==== Material provided ====
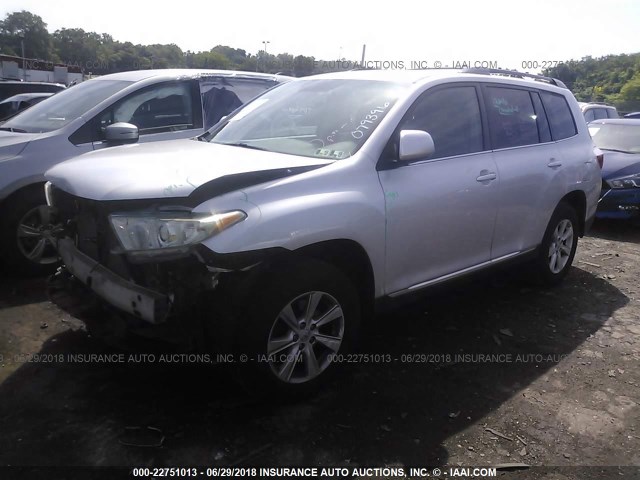 5TDBK3EH0BS079396 - 2011 TOYOTA HIGHLANDER SE SILVER photo 2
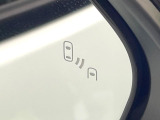 【ブラインドスポットモニター】走行中、ドアミラーの死角になりやすい箇所に後続車が接近するとサイドミラーのレンズに警告を表示!ドライバーに注意喚起をしてくれます。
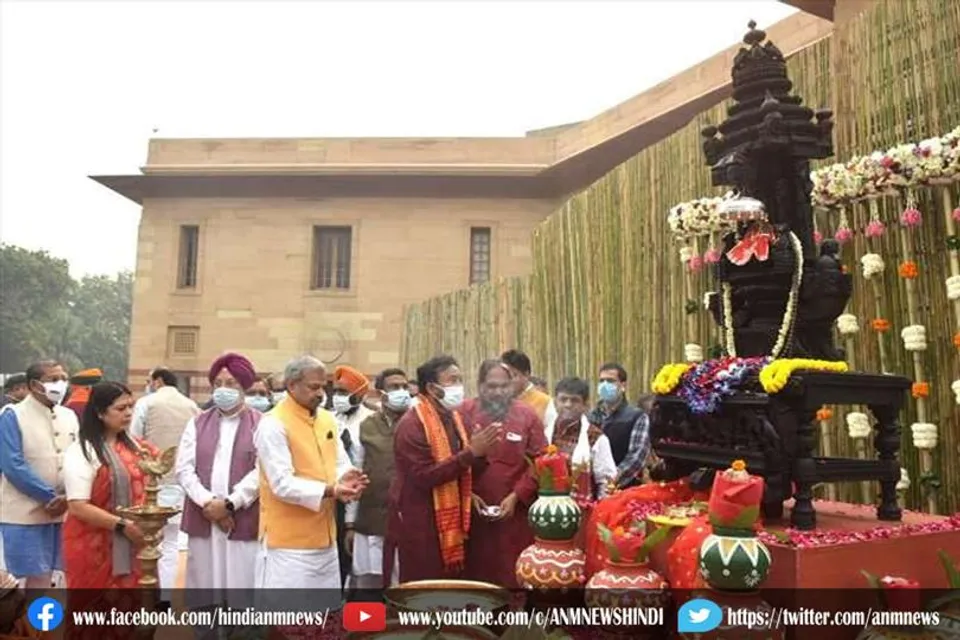 कनाडा से भारत आई 100 साल पहले चोरी हुई मां अन्नपूर्णा की मूर्ति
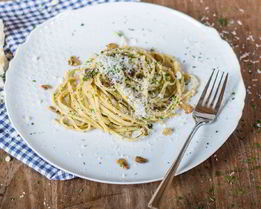 Паста с чесноком и оливковым маслом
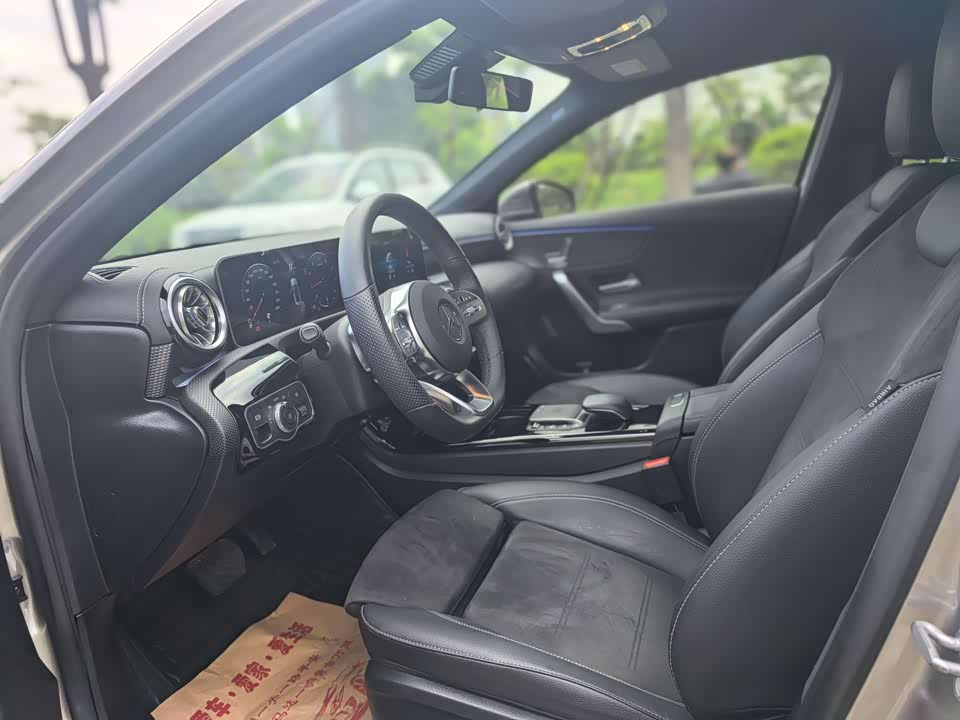 Mercedes-Benz Class A Mercedes-Benz Class A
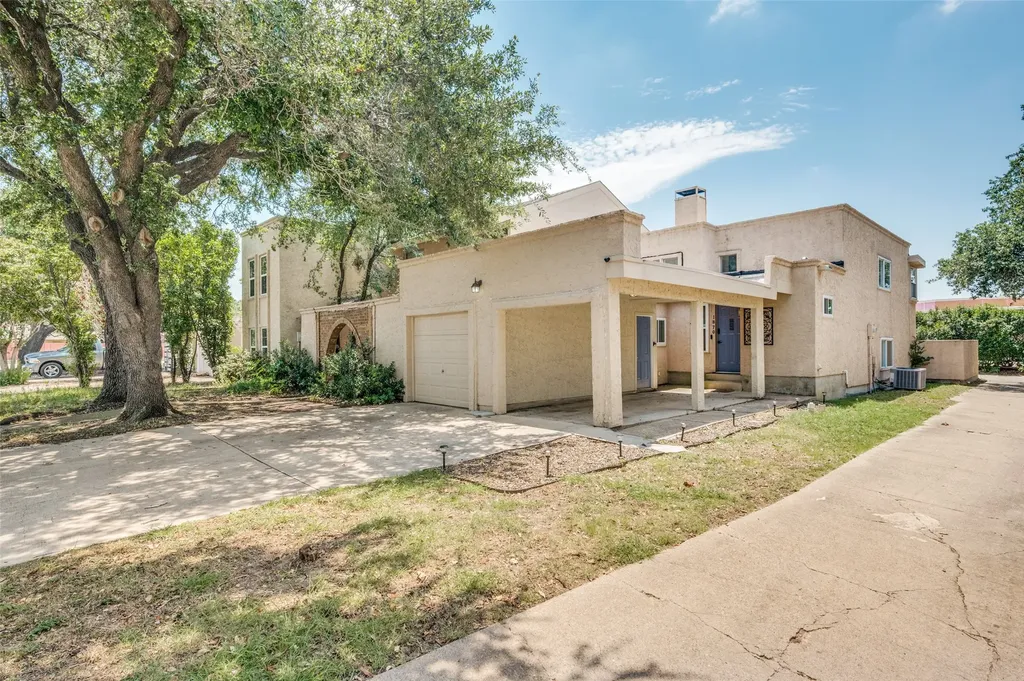 1870 Amber Lane Carrollton TX 75007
====
■ Activity
The records above must be repeated in full and exactly, but without any of the pictures.

■ Reply
 5TDBK3EH0BS079396 - 2011 TOYOTA HIGHLANDER SE SILVER photo 2
 【ブラインドスポットモニター】走行中、ドアミラーの死角になりやすい箇所に後続車が接近するとサイドミラーのレンズに警告を表示!ドライバーに注意喚起をしてくれます。
 कनाडा से भारत आई 100 साल पहले चोरी हुई मां अन्नपूर्णा की मूर्ति
 Паста с чесноком и оливковым маслом
 Mercedes-Benz Class A Mercedes-Benz Class A
 1870 Amber Lane Carrollton TX 75007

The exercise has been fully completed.